In a Thursday press conference, LDS filmmaker Dutcher and Utah Jazz owner/auto dealer Miller announced an extensive moviemaking collaboration. With Miller's financial help, Dutcher will make "God's Army 2: States of Grace," a sequel to "God's Army." Although the second film they made together, "Brigham City," was judged a critical success, it grossed disappointing box office earnings of less than $1 million.

Dutcher said filming on "God's Army 2" will begin in January in Los Angeles and that Luis Robledo, who played the Hispanic missionary in the original film, will reprise his role, this time as the star.
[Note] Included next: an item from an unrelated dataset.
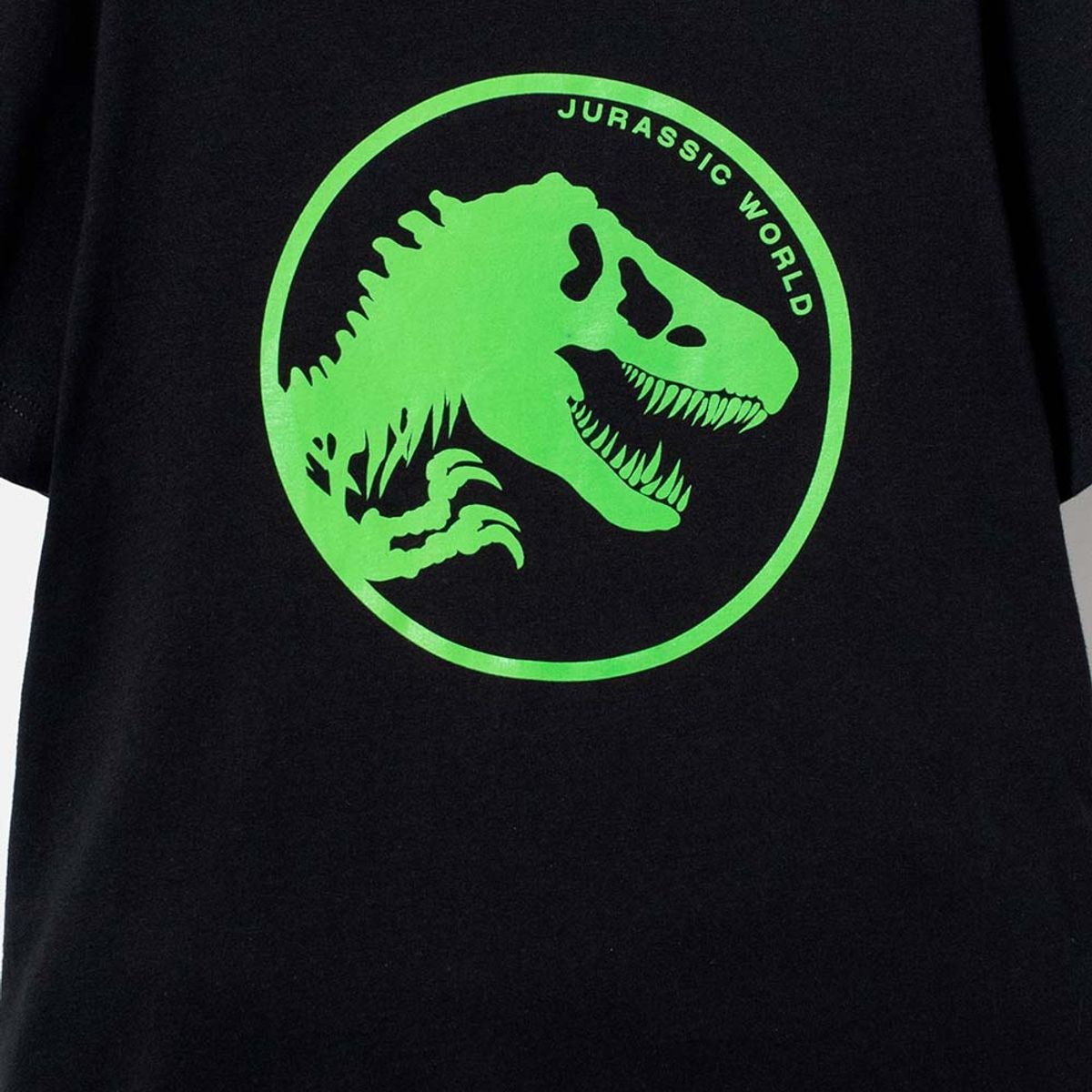 UNIVERSAL - Camiseta de Jurassic World negra manga corta estampada para niño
His character, whose past is checkered, will be unavoidably pulled into a gang incident.

"The Prophet" is the story of the life of Joseph Smith.
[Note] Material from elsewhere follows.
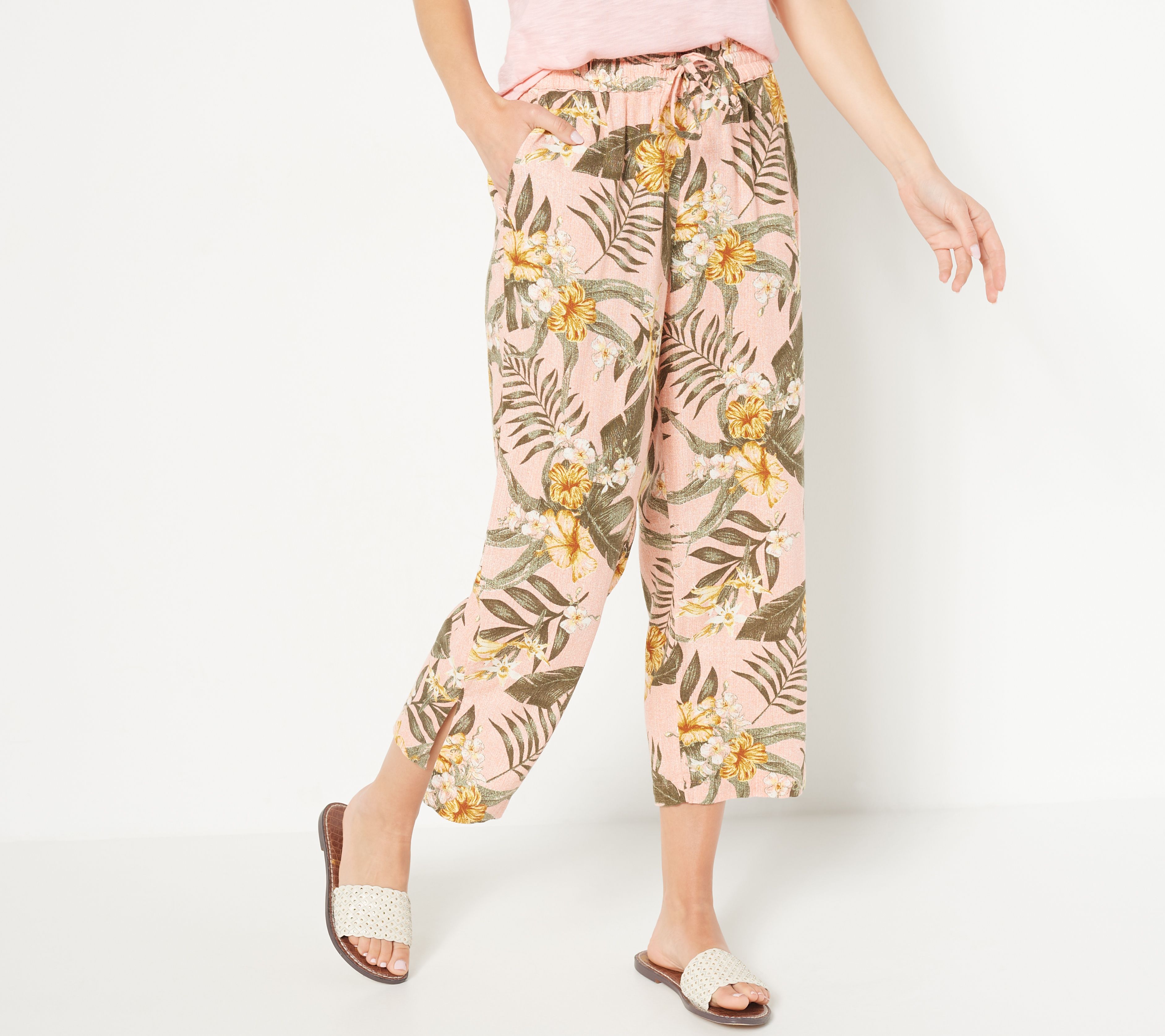 "As Is" Denim & Co. Naturals Regular Printed Linen Blend Crop Pants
Both Dutcher and Miller declined to divulge the budget figures required for either "God's Army 2" or "The Prophet," which Dutcher will make immediately afterward. "It's not a big secret," said Dutcher, "but it's largely unnecessary information." (However, the budget for "The Prophet" is at least $12 million, according to previous figures given to the Deseret Morning News.)
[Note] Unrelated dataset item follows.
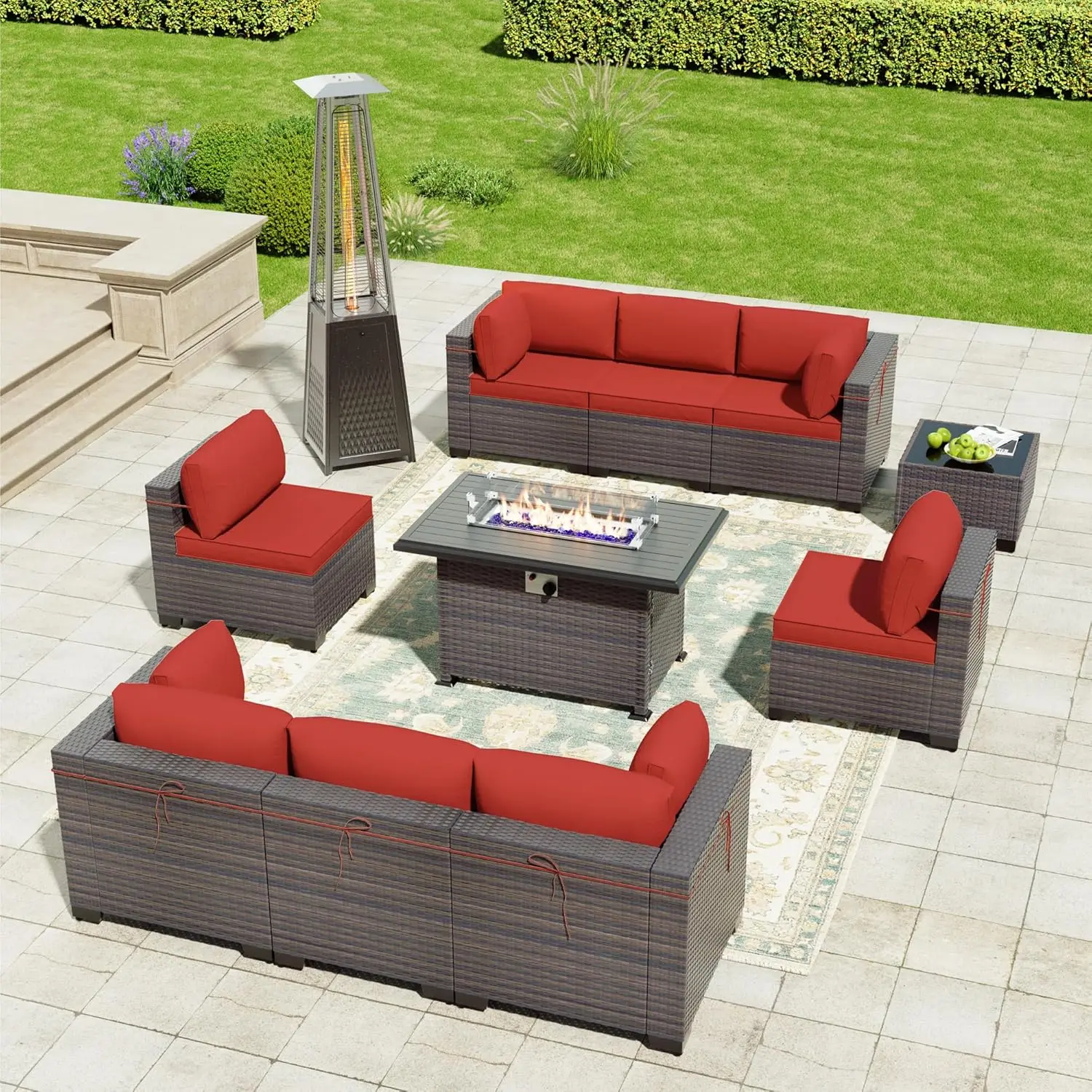 Outdoor Patio Furniture Set with Gas Propane Fire Pit Table,PE Wicker Rattan Sectional Sofa Patio Conversation Sets with Heater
Only two weeks ago, Miller announced a deal with other LDS filmmakers in which he is providing sole financial support, "The Work and the Glory," to be based on Gerald Lund's multivolume series of LDS historical novels.

Miller said at that press conference that he had became disenchanted with Dutcher and "The Prophet" since it was originally announced a year ago, but he did not officially pull out. When asked what had happened to "The Prophet," Miller gave a lengthy reply. He said he had been surprised when Dutcher announced an earlier timeline than he had planned during an earlier press conference on "Brigham City." He also said that Dutcher had never actually given him a proposal for "The Prophet."

Thursday, Miller apologized for what he had said about both the timeline and the proposal, saying he had checked his daytimer and his files and found that he was wrong. So Miller and Dutcher had a two-hour lunch to discuss their differences — they "fought," said Dutcher — but they ended up burying the hatchet.

"I was grossly unfair to Richard on both points and made him look bad. I did not intend to do that. I don't have any harsh feelings about him. I've committed a significant amount of money to this film — more than I did to 'God's Army 2.' But I needed to clear the air today."

Dutcher was touched by Miller's apology. "It takes some real character for Larry to say he's made mistakes. I always used to say Larry's my hero. Last week I wasn't so sure he was my hero or not. But this week, with the way he has handled this, sitting down man to man to make it right — he's my hero again."

Dutcher is very excited about "The Prophet," and called it "the Mount Everest of Mormon filmmaking." He has polished the finished screenplay and has most of the funding he needs. In the meantime, he is planning to do "the bulk of the filming" in the summer of 2004 and release it in 2005 — the bicentennial of Joseph Smith's birth. "It's going to be my birthday present to him," said Dutcher.

Dutcher acknowledged that Columbia University historian Richard Bushman, who is preparing a book-length biography of Smith, is still his historical consultant and that he wants the film to be "historically accurate."

"I want to tell a powerful, amazing story in as close to two hours as I can. He was an exciting and charismatic man with an exciting and violent life, and I haven't seen that portrayed anywhere."

Although the casting is dependent on their schedules, Dutcher said both Kilmer and Abraham have agreed to portray Joseph Smith and Gov. Thomas Ford of Illinois, respectively.